Thursday Before Halloween (2009)

Halloween falls on a Saturday this year, which means the weekend will be very fun.  Fun, fun, fun, fun.

It is chilly in the house.  In the interests of conserving energy, we keep the thermostat down.  Self walks around all the time in sweats, scarf, and furry socks.

Son took his GRE yesterday: apparently, now you can see how you scored, immediately after, and he got 1400.  Happy happy joy joy!  Self has no idea where son plans to apply to grad school, hubby hopes Stanford but self thinks it isn’t the school for him.  She hopes University of Washington, as Seattle is a very cool city.
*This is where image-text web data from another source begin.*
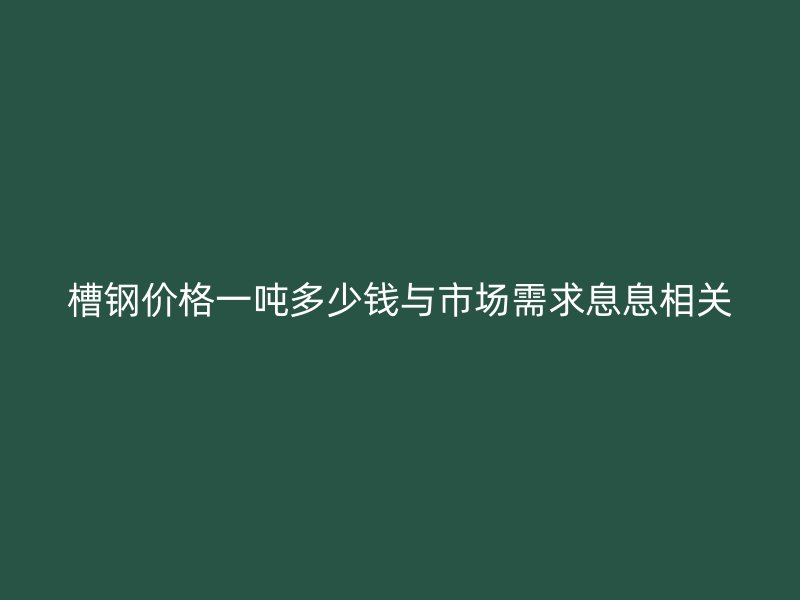 槽鋼價(jià)格一噸多少錢與市場需求息息相關(guān)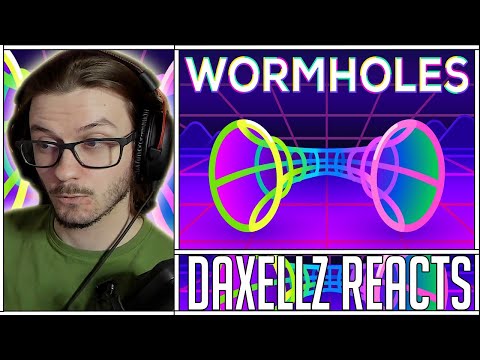 Daxellz Reacts to Wormholes Explained – Breaking Spacetime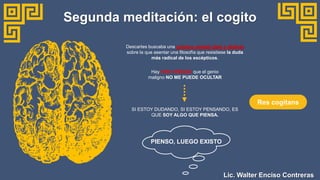 Descartes buscaba una primera verdad clara y distinta
sobre la que asentar una filosofía que resistiese la duda
más radical de los escépticos.
Segunda meditación: el cogito
Hay UNA VERDAD que el genio
maligno NO ME PUEDE OCULTAR
PIENSO, LUEGO EXISTO
SI ESTOY DUDANDO, SI ESTOY PENSANDO, ES
QUE SOY ALGO QUE PIENSA.
Res cogitans
Lic. Walter Enciso Contreras
 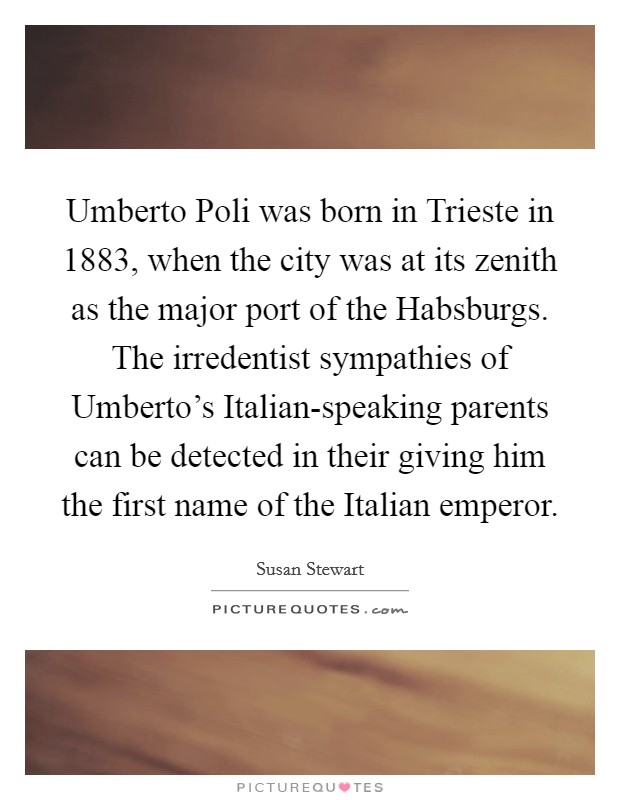 Umberto Poli was born in Trieste in 1883, when the city was at its zenith as the major port of the Habsburgs. The irredentist sympathies of Umberto’s Italian-speaking parents can be detected in their giving him the first name of the Italian emperor Picture Quote #1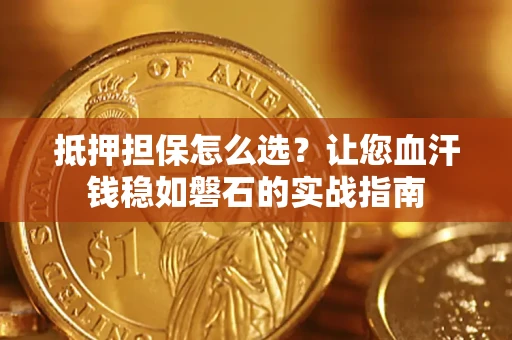 济南抵押担保怎么选？让您血汗钱稳如磐石的实战指南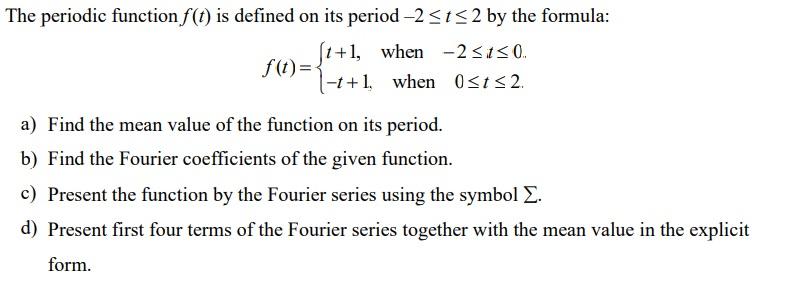 F T 1 1 When 25150 The Periodic Function F T Is Defined On Its Period 2 152 By The Formula T 1 1 1 When Ost 1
Story of the day is from One Story, lit mag which self realized (in a flash of insight, earlier this month) would never publish her.  The story is called “Stag.”  Once again it is set in some lonely Midwestern locale, where men are all like Cormac McCarthy protagonists.  Setting very bleak, very rife with anomie, and that unique American angst.
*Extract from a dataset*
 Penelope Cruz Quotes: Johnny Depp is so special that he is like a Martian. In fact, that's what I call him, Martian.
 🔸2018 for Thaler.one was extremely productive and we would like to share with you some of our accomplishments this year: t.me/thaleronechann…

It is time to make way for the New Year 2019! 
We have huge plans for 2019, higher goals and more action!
Though it is cold outside, self will walk the li’l crits.  In addition, she will see if she can find the following two books in the local Barnes & Noble:

  • Helen Oyeyemi’s first novel, The Icarus Girl:  According to the New York Times Book Review, this is about “the troubled daughter of a Nigerian mother and an English father . . .  who develops a malevolent imaginary friend.” (Yes!)
  • Chieh Chieng’s first novel, A Long Stay in a Distant Land which is described by NYTBR as “a generous family saga about an unlucky Cantonese-American clan from Orange County, Calif.”
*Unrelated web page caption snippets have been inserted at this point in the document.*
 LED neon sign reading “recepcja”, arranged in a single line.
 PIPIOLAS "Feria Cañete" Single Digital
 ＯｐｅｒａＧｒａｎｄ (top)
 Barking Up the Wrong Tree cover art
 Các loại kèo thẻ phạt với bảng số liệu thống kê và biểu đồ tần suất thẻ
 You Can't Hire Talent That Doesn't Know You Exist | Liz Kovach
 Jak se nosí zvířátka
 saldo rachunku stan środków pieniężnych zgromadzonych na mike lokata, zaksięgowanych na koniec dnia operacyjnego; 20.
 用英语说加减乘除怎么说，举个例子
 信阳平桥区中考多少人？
Stay tuned, dear blog readers, stay tuned.

Aung San Suu Kyi Biography Reviewed in Upcoming Issue of Women’s Review of Books

Self’s review of Perfect Hostage, the Justin Wintle biography of Aung San Suu Kyi, is forthcoming from the Women’s Review of Books in the November/December issue.

Among the highlights of the current issue (September/October 2009) are:

“Anomie in the New China,” Xujun Eberlein’s review of Leslie T. Chang’s Factory Girls: From Village to City in a Changing China

    In an intimate, nonjudgmental voice, Leslie T. Chang’s refreshingly rendered Factory Girls opens up the fascinating and gritty world of female migrant workers. While many of the young women find economic improvement, their rudderless lives raise the question of whether this new migration is a progression or regression in Chinese women’s emancipation.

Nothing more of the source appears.